Understanding the distinctions between a unique entity, a collection of indistinguishable units, and a divisible mass will help you design the best database for your needs.

by Joe Celko

Columns in a table are either key or non-key attributes. The key attributes are also called identifiers or determiners. These alternate names are descriptive of the functions these attributes serve in a database and there are subtle differences.

In SQL, being a key is an option in the table declaration; it stays with the table itself. A key can be more than one column and usually has some implications in the physical implementation of the database. But it is more of a syntactic than a semantic distinction. Other attributes may be unique and not null, but the database can only use the ones you declare as keys.

Being a determiner refers to a relationship with the other attributes in this table, and perhaps attributes in other tables that constraints and FOREIGN KEY...REFERENCES clauses may or may not be enforce. It is more general in scope than a key.

Being an identifier is the most abstract semantic concept and is the source of the other two. An identifier is how you know that something is an individual thing, apart from all other things in the universe. We should start by defining what characteristics you want in an identifier.

  1. An identifier has to be unique. Otherwise, it is not an identifier.
  2. A personal example of this has happened to me for years. I was named after my father and we were constantly getting each other's mail, phone calls, and so forth because people would assume that such an unusual name could only belong to one person. I finally legally changed my first name from "Joseph" to "Joe" to avoid the confusion.

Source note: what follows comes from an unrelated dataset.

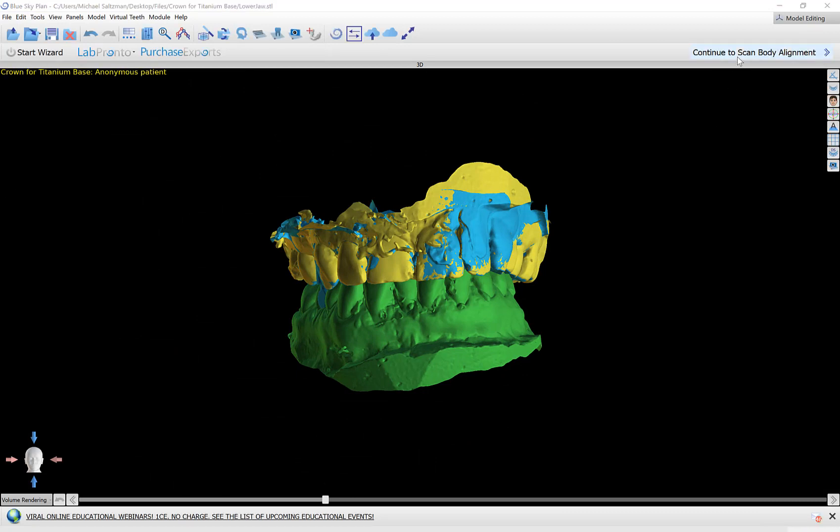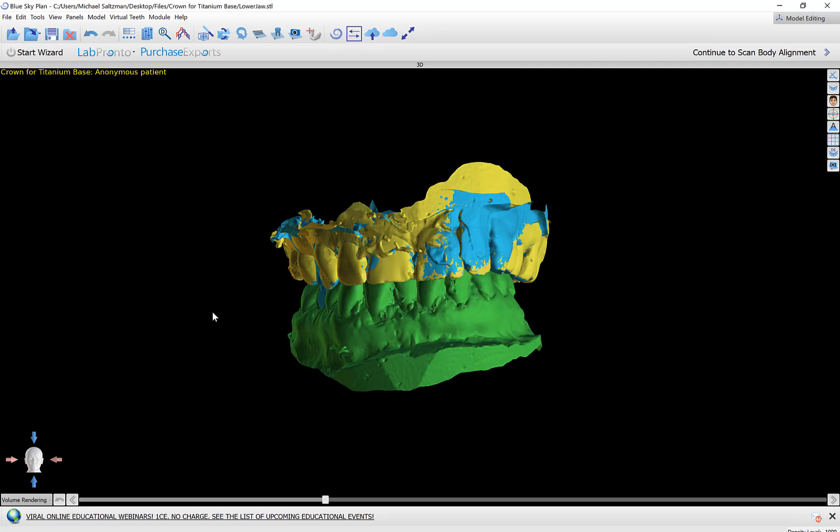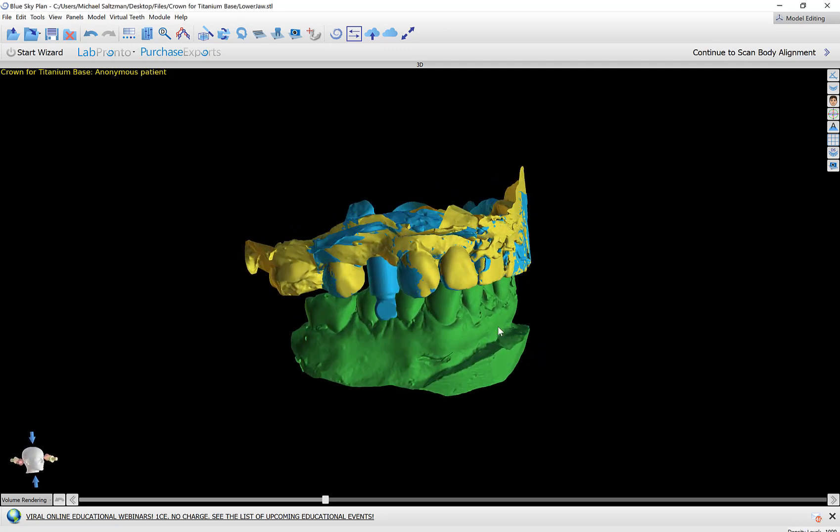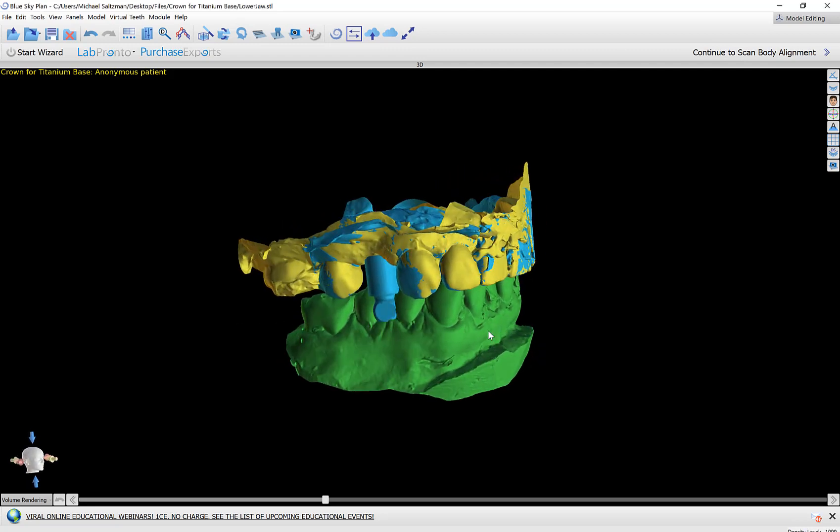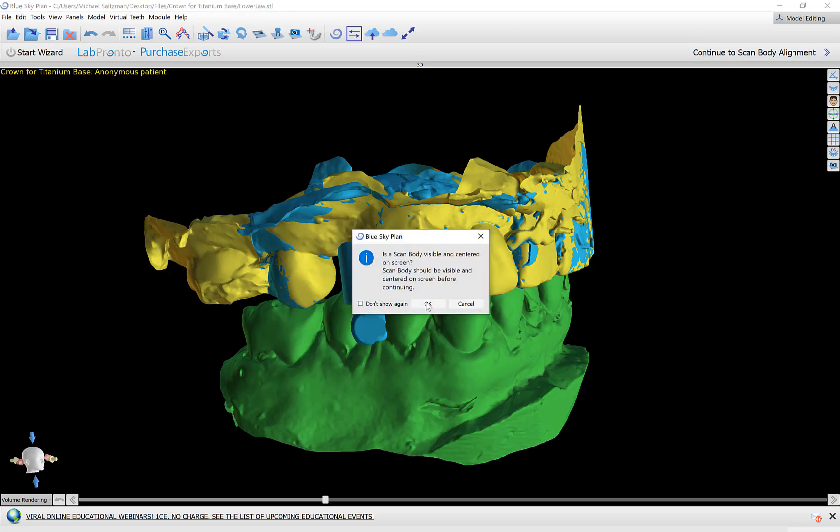The button in the top right continue the scan body alignment will take us there. This message is telling us that before proceeding we should make sure that the model is rotated and oriented so that we can see the scan body and specifically the flat part of the scan body. Now that that is done I could click continue the scan body, click OK.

  3. An identifier should be created at the same time as the entity, or even before the entity exists, but not afterwards. Without an identifier, you simply cannot put an entity into the database.
  4. You might hold the "pre-entity" outside of the system for a short time, however. Imagine a situation where a salesman takes an order at the customer’s site, but has to call his company to get a confirmation number that the customer can then use to reference the transaction. Until that confirmation number is assigned, there is no transaction.

    As an example of an identifier coming into existence before the entity, think about a book that has not been published yet. It can be assigned an International Standard Book Number (ISBN), a title, an author, a price, and everything else while the publisher is waiting to get the manuscript.

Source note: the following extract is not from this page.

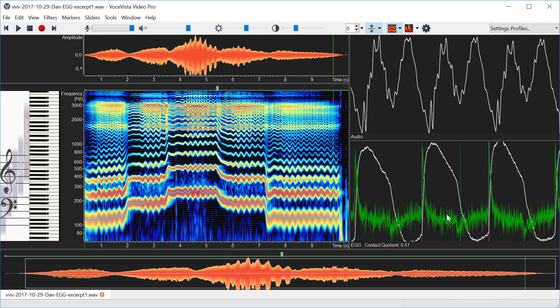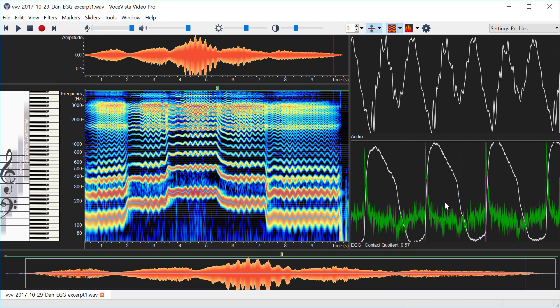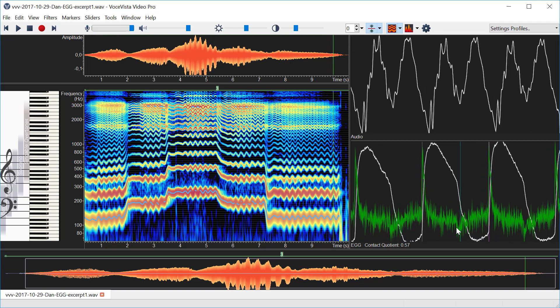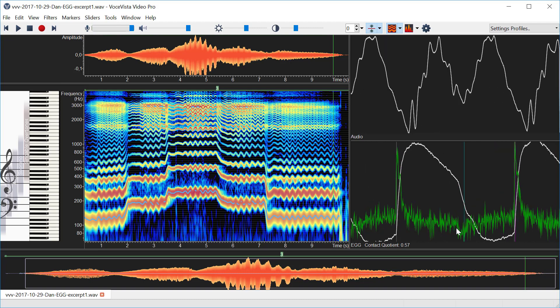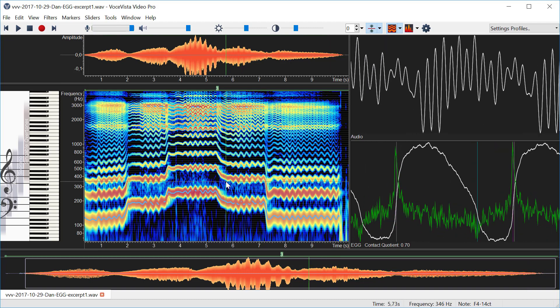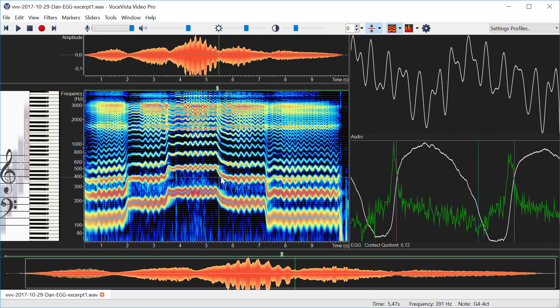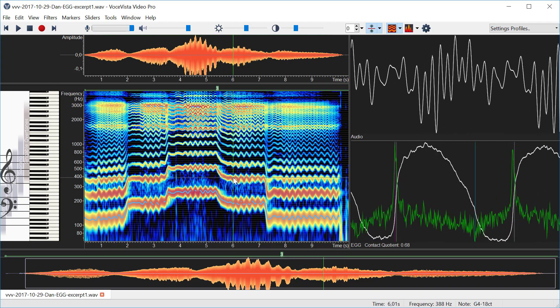And what we're interested in is the maximum and the minimum of this within one period. And you can see there's a very faint magenta line here to show the maximum and then there's this thin blue line to show the minimum. And this distance is what we use to calculate the contact quotient.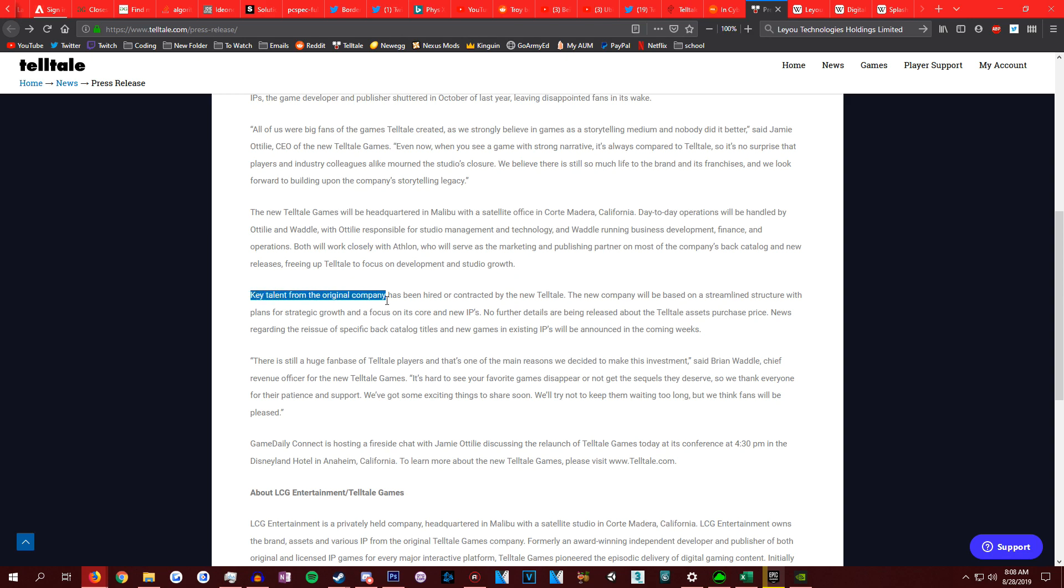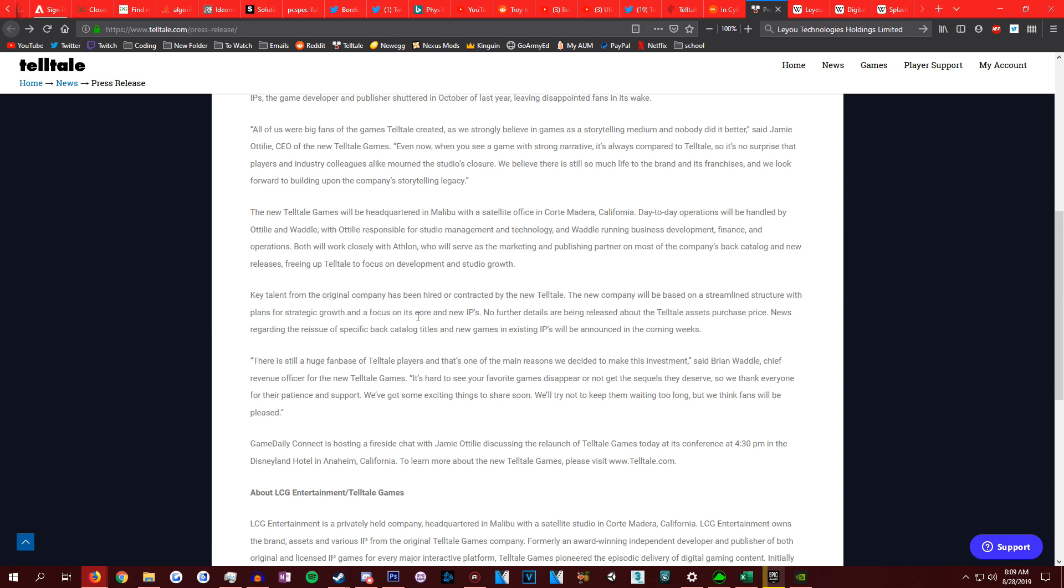Key talent from the original company has been hired or contracted by the new Telltale. The new company will be based on a streamlined structure with plans for strategic growth and a focus on its core and new IPs. That's definitely really awesome to see. Their core stuff is some of the more popular titles, and some new IPs as well. They wanted to do a new IP at the old Telltale, but it never really happened. So hopefully we'll see it happen with the new Telltale games.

    But a future-release book does not behave like a real book. You cannot put it in a box and ship it. You cannot get a review of the book either -- at least not an honest review. It is not the same kind of thing as a published book.

  5. An identifier should be verifiable within itself. That means that when I see a particular kind of identifier, I ought to know if it is syntactically correct. For example, I know that ISBN 0-486-60028-9 has the correct number of digits and that the check digit is correct for a proper ISBN. Later on I can find out that it identifies the Dover Books edition of An Investigation of the Laws of Thought by George Boole.
  6. An identifier should have repeatable verification against the reality that you are trying to capture in your data model. I want to be able to grab any copy of An Investigation of the Laws of Thought off a book shelf, read the physical ISBN off the back of the book, and have it match my inventory.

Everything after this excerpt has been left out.